Image-text web data
--*--

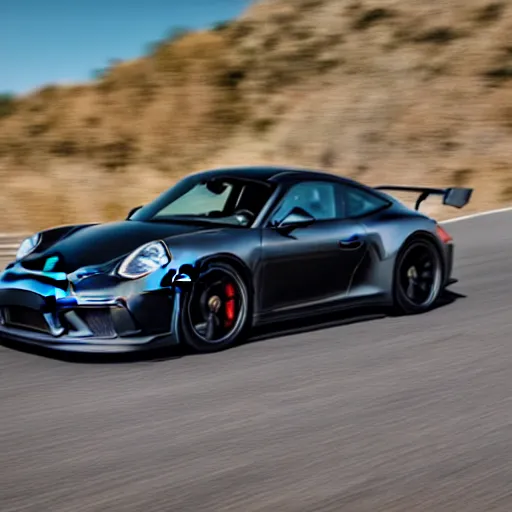 Image similar to a black 2 0 2 1 porsche 9 1 1 gt 3 driving on a windy road, action photo, 4 k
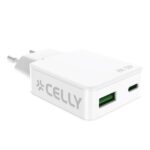 Caricabatterie Celly SLIMTC1C1A45W 45W GaN 2 Porte USB Bianco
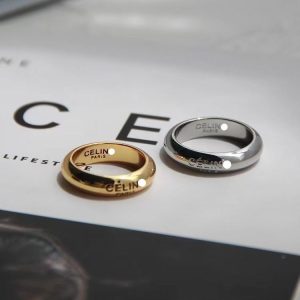 Replica Designer Celine Simple Minimalist Metal Couple Ring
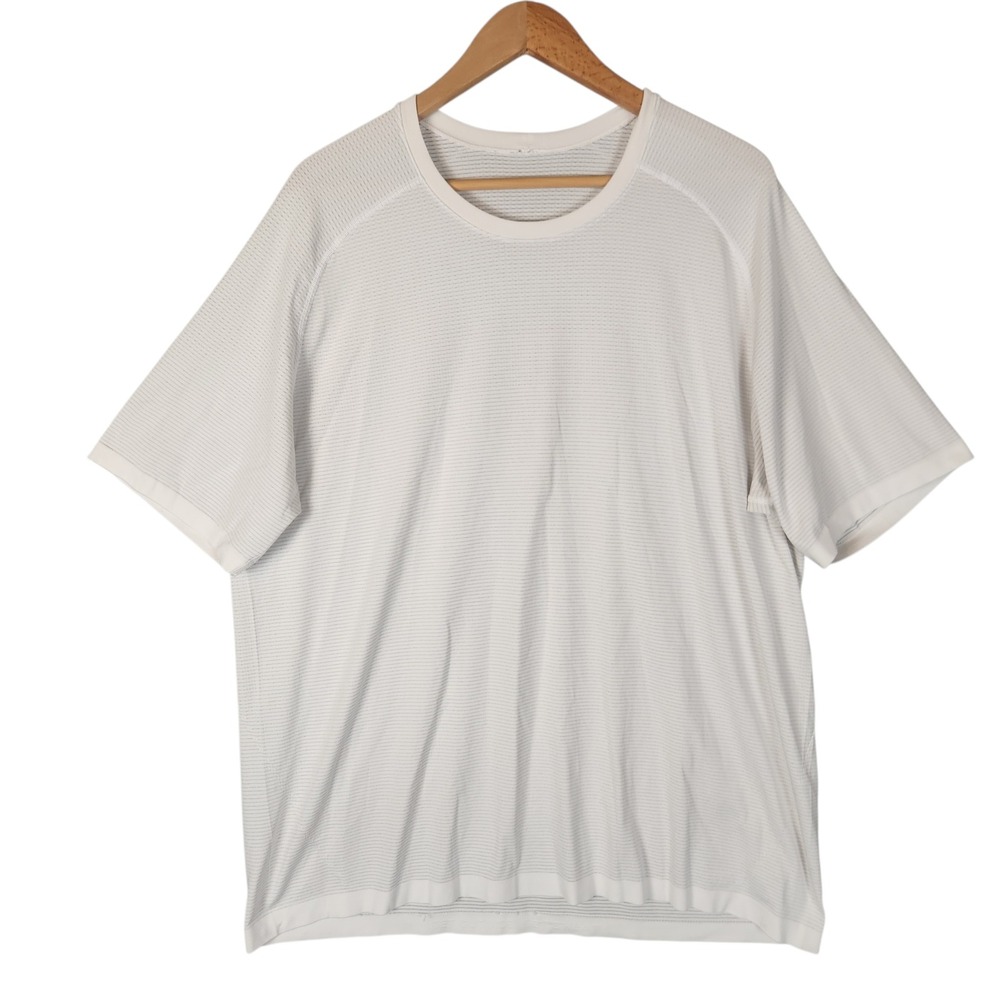 Lululemon Metal Vent Tech Top Men's XXL White Stripe Short Sleeve - Picture 1 of 5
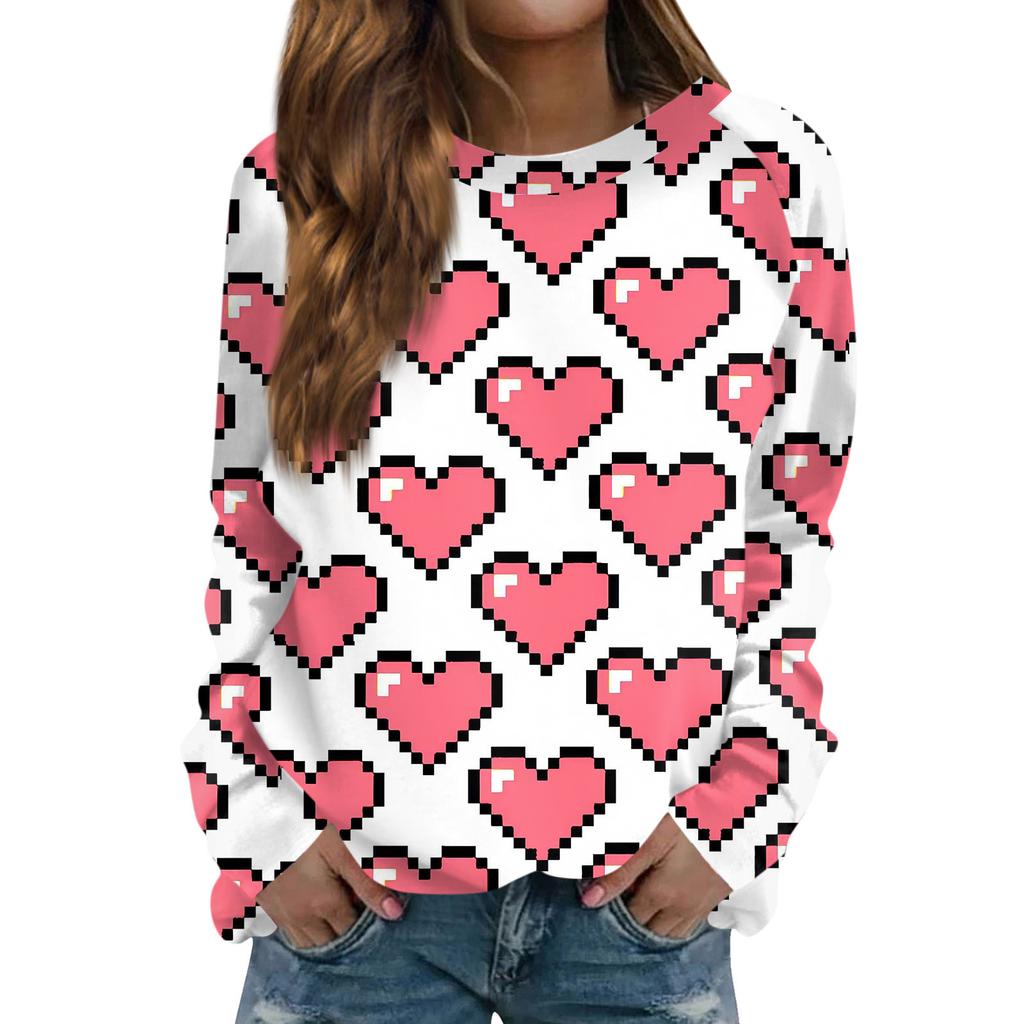 Женская модная повседневная толстовка с длинным рукавом и принтом на День святого Валентина и круглым вырезом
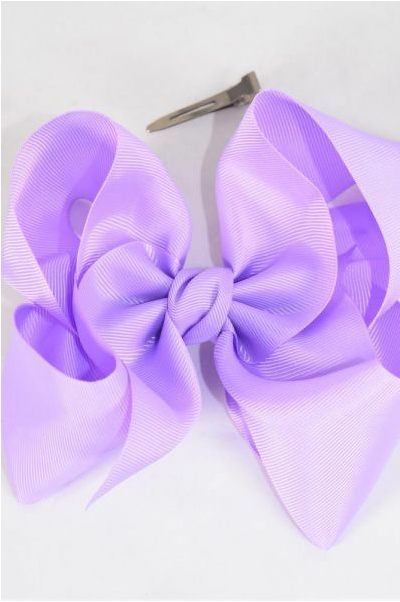 Hair Bow Jumbo Lavender Grosgrain Bow-tie / 12 pcs Bow = Dozen Lavender , Alligator Clip , Size-6"x 5" Wide , Alligator Clip , Clip Strip & UPC Code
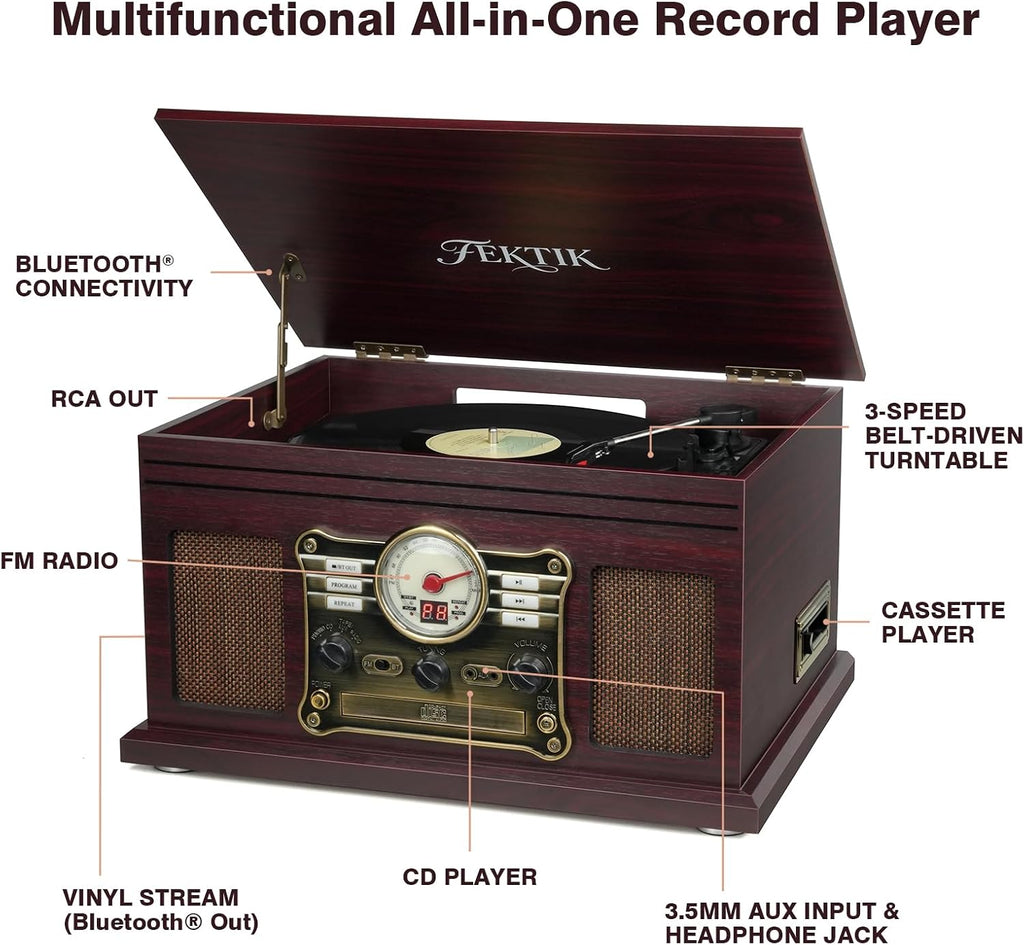 Bluetooth Record Player 10 in 1, 3-Speed Belt-Drive Turntable with Speakers, Bluetooth Input & Output, CD, Cassette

--*--

TRY IT
The answer consists solely of the lines from the one holding "Lululemon Metal Vent" through the last line of the entries above, set down verbatim, without any pictures.

ANSWER BOX
 Lululemon Metal Vent Tech Top Men's XXL White Stripe Short Sleeve - Picture 1 of 5
 Женская модная повседневная толстовка с длинным рукавом и принтом на День святого Валентина и круглым вырезом
 Hair Bow Jumbo Lavender Grosgrain Bow-tie / 12 pcs Bow = Dozen Lavender , Alligator Clip , Size-6"x 5" Wide , Alligator Clip , Clip Strip & UPC Code
 Bluetooth Record Player 10 in 1, 3-Speed Belt-Drive Turntable with Speakers, Bluetooth Input & Output, CD, Cassette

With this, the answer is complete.